Sparks will fly: U-M alumna melds women seeking job skills with companies needing welders
WOMEN WHO WELD
TRANSCRIPT
2/26/20
By the year 2025, there will be 400,000
job openings for welders in the U.S.
Only 4.5 percent are women
A University of Michigan alumna is working to fill
those job openings and narrow the gender gap
YVONNE BROWN
WOMEN WHO WELD PARTICIPANT
I have two daughters and I just want them to have a better life.
DALANA BURNEY
WOMEN WHO WELD PARTICIPANT
I was in kind of a dead-end job and I was always interested in welding.
ALICIA AMEY
WOMEN WHO WELD PARTICIPANT
I was like, Ohhh, well they probably employ like 10 welders in the state of Michigan
No! Like hundreds and hundreds of welders are needed.
SAMANTHA FARRUGIA
CEO & FOUNDER OF WOMEN WHO WELD
U-M Master of Urban Planning ’15
My main interest and focus has always been about economic development and community development so, welding was a really fun way and a really cool way and a career that’s in demand. And it was a way to give women particularly a skill that they could then use and provide better lives for themselves and their families and for their future.
Women Who Weld provides
low-cost training to women living
at or below the poverty line
DALANA BURNEY
WOMEN WHO WELD PARTICIPANT
I’ve already accepted my first job offer. So I’ll be going to work—actually, the first Monday after the class ends.
Women Who Weld has a
100% completion rate among participants
and a 100% program-to-employment rate
Samantha is channeling her
U-M welding experience and education
to change lives through
Women Who Weld
And has trained
400 women to weld
since 2014
My studies in urban planning and just thinking more about the issues that places like Detroit, where I live, or other cities across the country, there’s this gap between jobs and people with the skills to fulfill those jobs. So if there’s a way to give individuals skills in order to fulfill necessary jobs, we both keep jobs in our communities and strengthen our communities at the same time.

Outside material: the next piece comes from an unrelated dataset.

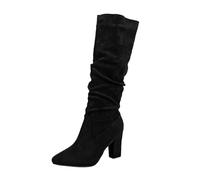 Zeiayuas Women's Over The Knee Thigh High Cowboy Boots Long Stretch Blocked Heel Pointed Toe Western Boots Ladie PU Leather Fall Winter Booties UK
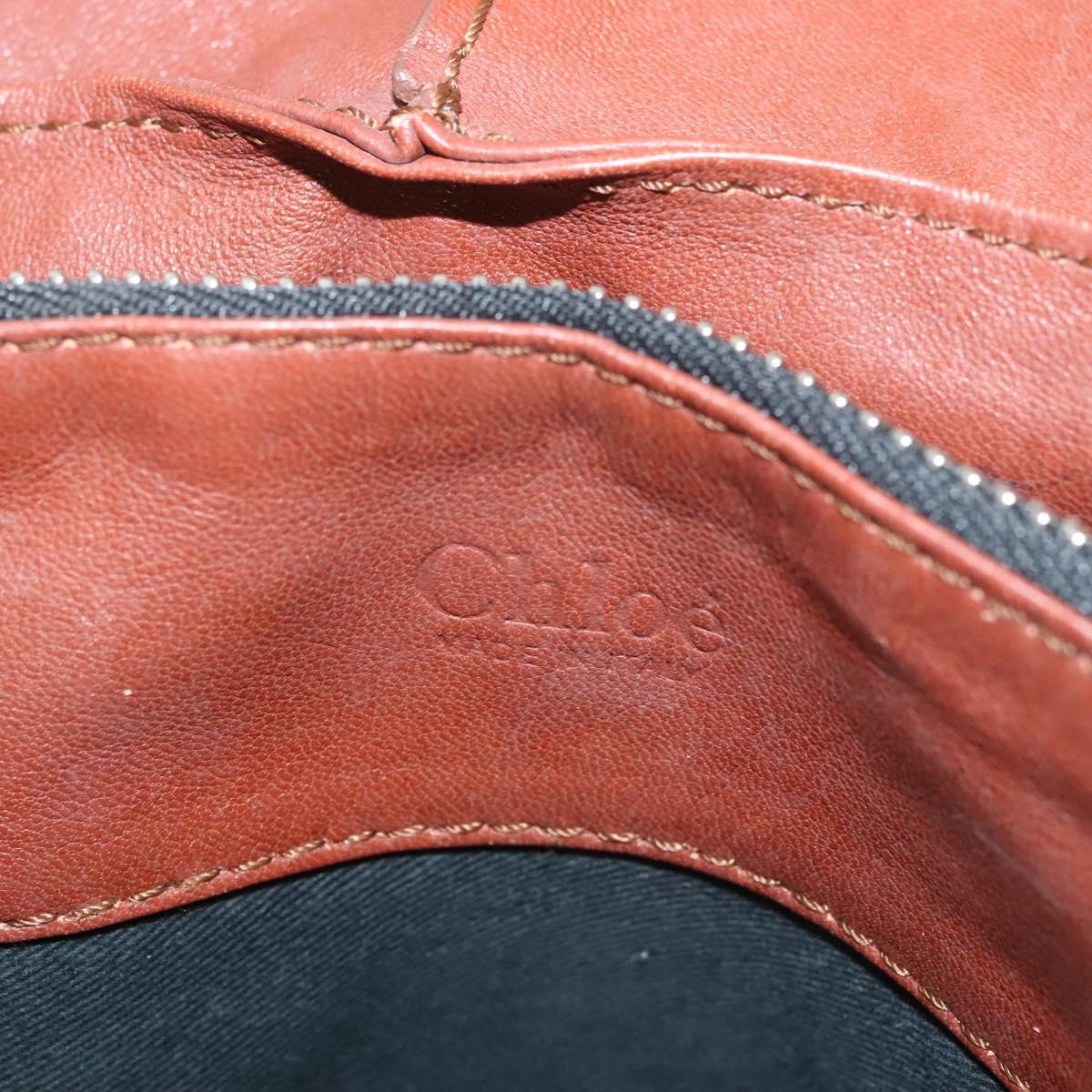 Chloe Betty Hand Bag Leather Brown Silver gold Auth BA1940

Taubman College of Architecture and Urban Planning
University of Michigan
ROBERT FISHMAN
U-M PROFESSOR OF ARCHITECTURE AND URBAN AND REGIONAL PLANNING
Our master’s of urban and regional planning is all about not just expertise, but the kind of expertise that really improves our cities. So everything we teach is to give those students the power, the knowledge, that they need to make a difference and a positive difference.
DETROIT, Mich.—Samantha Farrugia was studying for her master’s degree in urban planning at the University of Michigan in 2014 when she walked past the Digital Fabrication Laboratory on her way to class one day and saw welding going on.
That’s when the sparks began to fly. Within weeks, Farrugia was learning to weld in her spare time. She moved on to learning how to train other people to weld through an unusual independent study supported by a U-M professor in the lab.
Welding turned out to be the ideal bond for Farrugia’s greater goal and degree: To better cities, communities and people through economic development and opportunities.
Within months, her nonprofit, Women Who Weld, had sprung to life. It happened at a time when the welding industry was in need of workers and lacking gender diversity. That is still the case as the American Welding Society expects there to be a deficit of 400,000 workers by 2024, and few women—who currently make up 4% of the welding workforce—are trained to fill the gap.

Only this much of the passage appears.